Nachdem "La solitudine dei numeri primi" des italienischen Autors Paolo Giordano bereits 2008 zum Bestseller avancierte, nahm sich sein Landsmann und Filmemacher Saverio Costanzo dem Stoff an und präsentierte den gleichnamigen Film letztes Jahr in Venedig. Fast genau ein Jahr später kommt er nun auch in die heimischen Kinos.
Der Film zeigt drei verschiedene Lebensphasen der beiden Hauptfiguren, die allerdings nicht chronologisch erzählt werden, sondern sich immer wieder gegenseitig ablösen. Geschildert wird dabei zum Einen die Zeit in der Kindheit vor dem Erleben der traumatischen Ereignisse, außerdem wie sich die beiden als Jugendliche kennen lernen und schießlich wie sie als Mittzwanziger offensichtlich immer noch nicht gänzlich zueinander gefunden haben.
Natürlich könnte es sein, dass Costanzo diesen Erzählstil gewählt hat, um die Auswirkungen eines einzelnen, verstörenden Kindheitserlebnisses auf den Rest des Lebens besonders stark aufzuzeigen. Doch so recht glauben kann man das nicht. Dies liegt vor allem daran, dass die Kindheitsszenen fast ständig wie Cliffhanger abgeschnitten werden. Man braucht nun wirklich keine Inhaltsangabe gelesen zu haben, um schon nach wenigen Minuten zu verstehen, was den beiden Leidenden Schreckliches widerfahren ist. Um zwischen den Bildern des einerseits glücklichen Mädchens, das eines Morgens einfach keine Lust auf Skifahren hat, von ihrem Vater aber dennoch auf die Piste geschickt wird, und andererseits der humpelnden Erwachsenen einen Zusammenhang zu erkennen, braucht es kein Genie.
Ebenso wenig um zu realisieren, dass das Problem des selbstzerstörerischen Jugendlichen vielleicht etwas mit seiner nur in den Kinderszenen vorkommenden, geistig behinderten Schwester zu tun haben könnte.

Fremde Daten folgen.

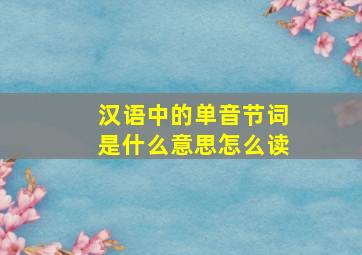 汉语中的单音节词是什么意思怎么读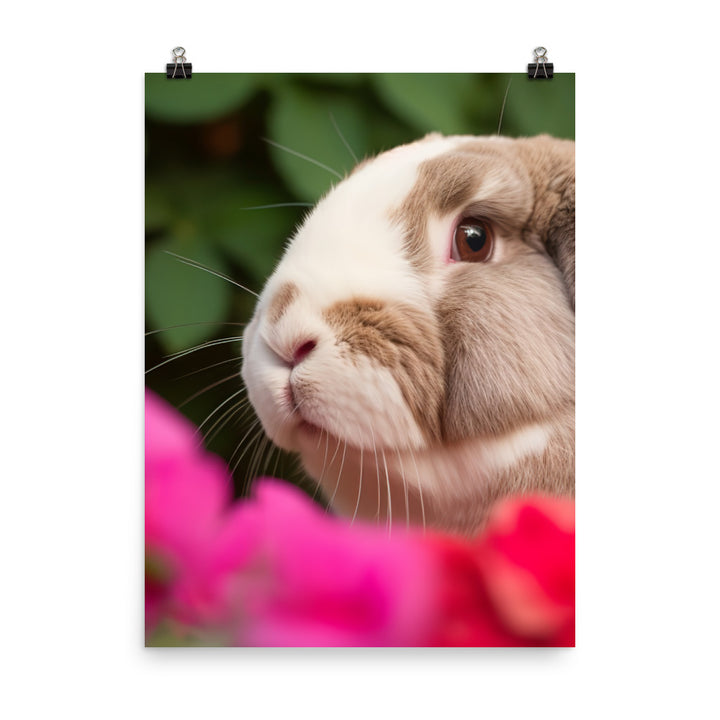 Majestic French Lop Photo paper poster - PosterfyAI.com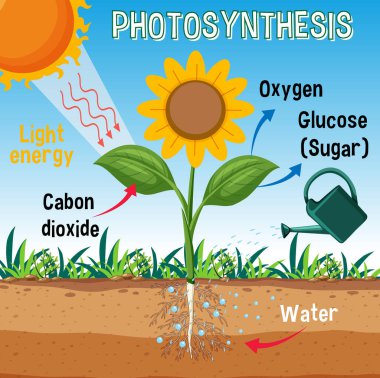 Diagram of Photosynthesis for biology and life science education illustration
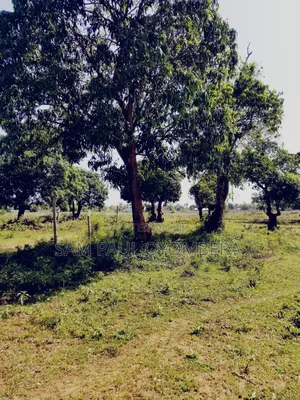 Malindi Airport View Garden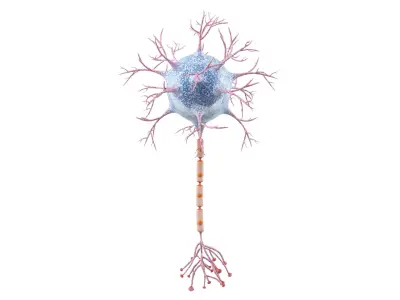  Neuron 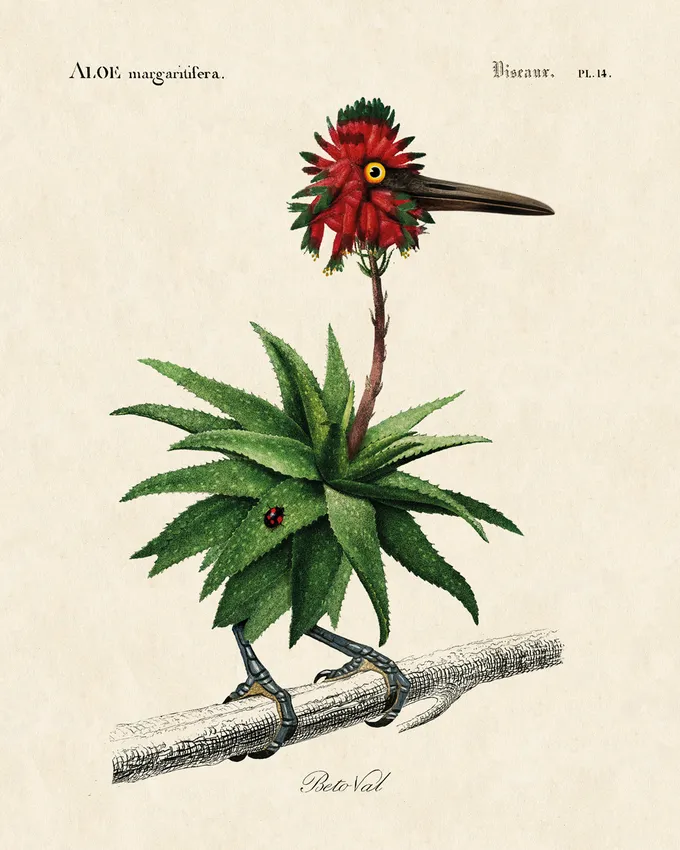 Illustration of aloe plant bird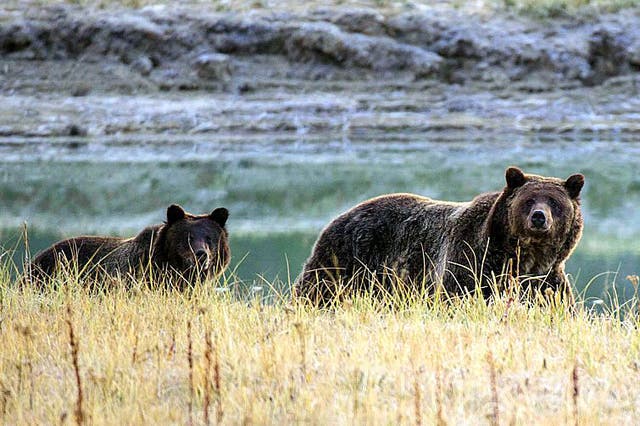 A mingling of the separate populations would go a long way toward bolstering the genetics of the isolated Yellowstone grizzlies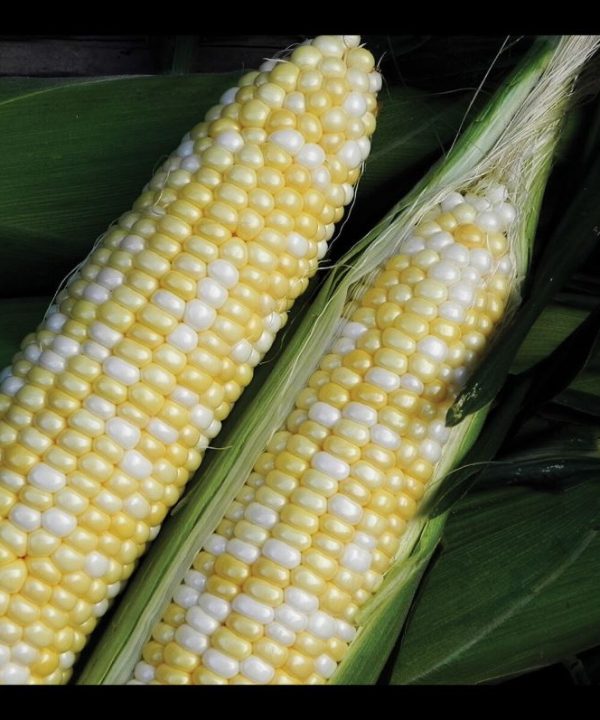 Essence - Treated (F1) Corn Seed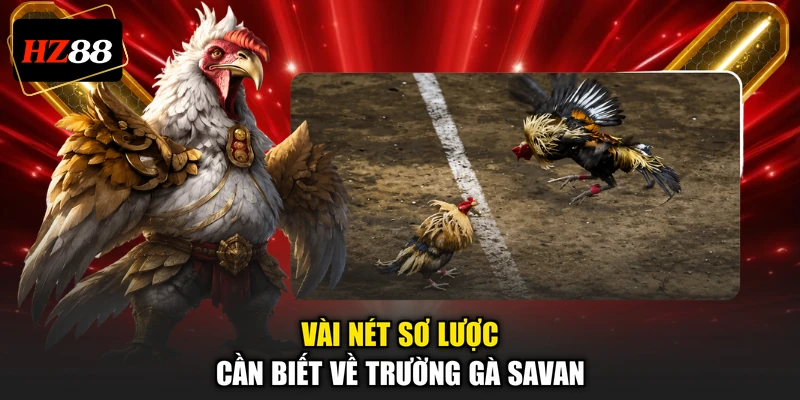 Vài nét sơ lược cần biết về trường gà Savan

Dennoch nutzt Costanzo seinen Stoff aus, um immer wieder eine Pseudospannung aufzubauen, die dem Zuseher schon nach kurzer Zeit gewaltig auf die Nerven geht. Auch durch die Musik wird immer wieder aufs Neue impliziert, dass schon sehr bald etwas ganz Furchtbares passieren könnte. Und dann kommt wieder ein Cut. Wenn der weitere Verlauf der Story aber so offensichtlich ist wie hier, funktioniert das einfach nicht.
Dieses Grundproblem vernichtet bereits jegliches in der Geschichte sicher vorhandenes Potenzial. Da ist es dann im Prinzip auch schon egal, dass die Symbolik, die über das Primzahlenspiel (die nur durch sich selbst und Eins teilbare Primzahl wird als Zeichen der Einsamkeit gesetzt) ohnehin nie hinausgeht, derartig plump eingebunden wird, dass eine Nebenfigur ausgerechnet bei ihrer Hochzeit plötzlich eine mathematische Rede halten muss.

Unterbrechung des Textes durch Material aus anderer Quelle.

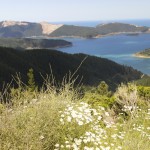Marlborough Sounds (II)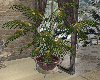 Winter 2024 Plant 1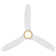 Skylark 3 - Blade Indoor/Outdoor Smart Ceiling Fan with Adjustable CCT 2700K-3000K-4000K-5000K LED Light Kit and Remote Control Included, Works With Alexa and iOS or Android App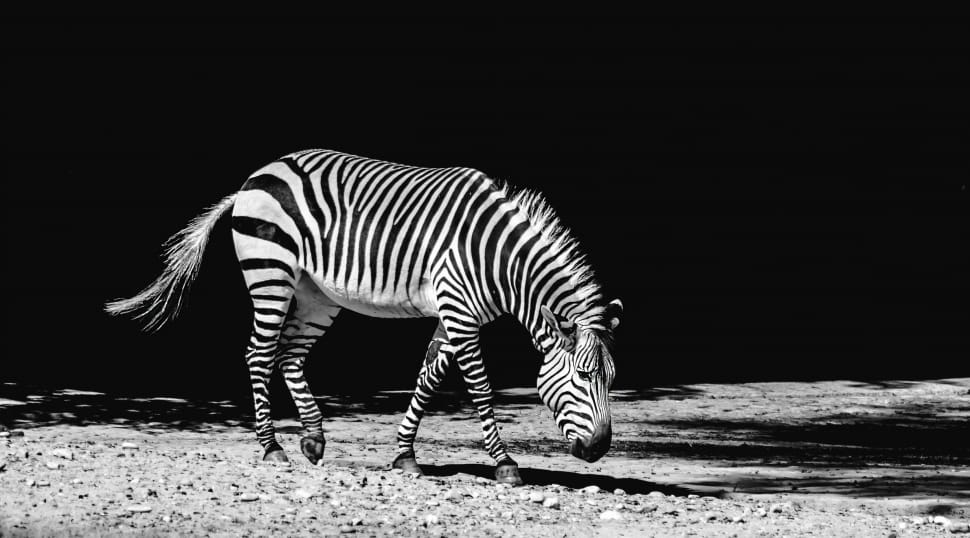 black and white zebra preview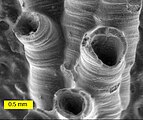 Imaxe de MEV dun hedereloide do Devoniano de Míchigan (o diámetro do tubo máis grande é de 0,75 mm). O MEV utilízase amplamente para captar imaxes detalladas de micro e macrofósiles.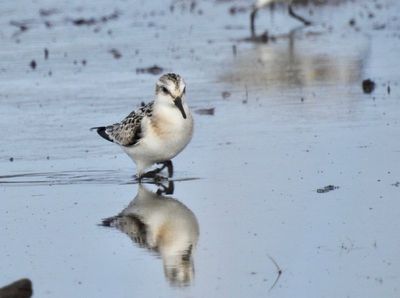 Sandlpare (Calidris alba) Sanderling.jjuv.  pg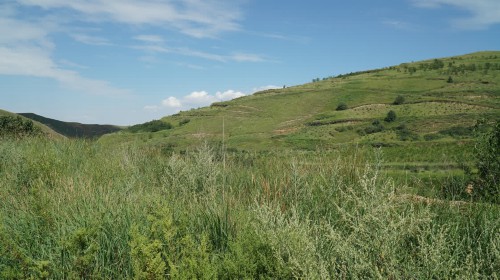 寧夏海原:破解土豆增收的生態(tài)“密碼”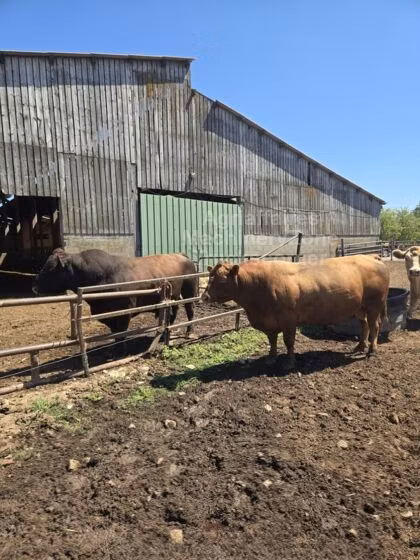 Aberdeen-Angus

Um zumindest einen Aspekt positiv herauszustreichen, müssen die beiden Hauptdarsteller lobend erwähnt werden. Der Tiefgang des Filmes ist entweder nicht vorhanden oder aber durch das unpassende Storytelling völlig unsichtbar geworden. Aber wenn es irgendeine Hoffnung gibt, an dem Film dennoch etwas zu finden, liegt er in Luca Marinelli und insbesondere an Alba Rohrwacher.
"Primzahlen" ist eine leider völlig missglückte Romanverfilmung. Auch die wirklich starken Hauptdarsteller können das auf Pseudo-Spannung setzende und äußerst leere Drama nicht füllen.